◆ Directions for this task
Give back the whole listing verbatim, printing none of its pictures.

=== Begin Enclosure ===

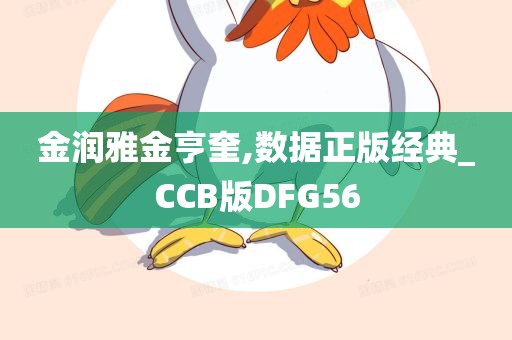 金润雅金亨奎,数据正版经典_CCB版DFG56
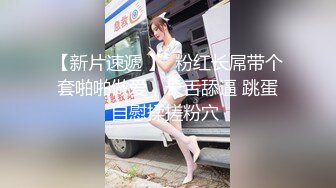 【新片速遞 】爱豆传媒 ID-5283 禽兽父亲贱卖女儿还债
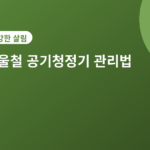 공기청정기 관리법 - 겨울철 공기청정기 관리법 5가지, 필터 안 갈면 생기는 일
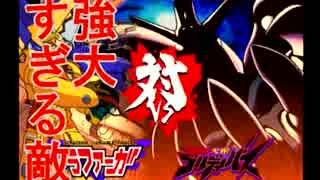 【実況】スパロボ達が格ゲーで殴り愛！part8【超鋼戦紀キカイオー】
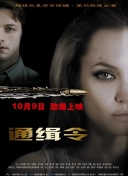 超级名模
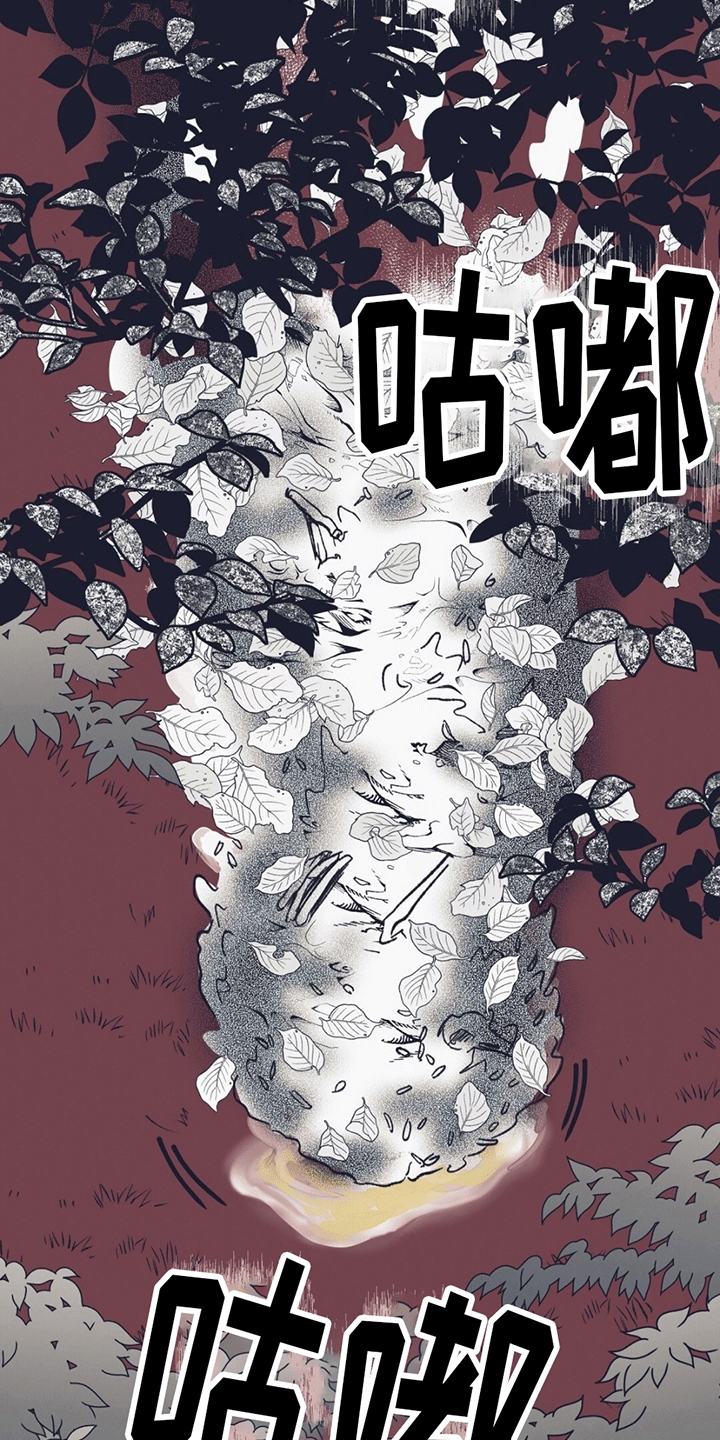 不速之客 - 生病 - 第10页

=== End Enclosure ===

◆ Solution for this exercise
 金润雅金亨奎,数据正版经典_CCB版DFG56
 【新片速遞 】爱豆传媒 ID-5283 禽兽父亲贱卖女儿还债
 공기청정기 관리법 - 겨울철 공기청정기 관리법 5가지, 필터 안 갈면 생기는 일
 【実況】スパロボ達が格ゲーで殴り愛！part8【超鋼戦紀キカイオー】
 超级名模
 不速之客 - 生病 - 第10页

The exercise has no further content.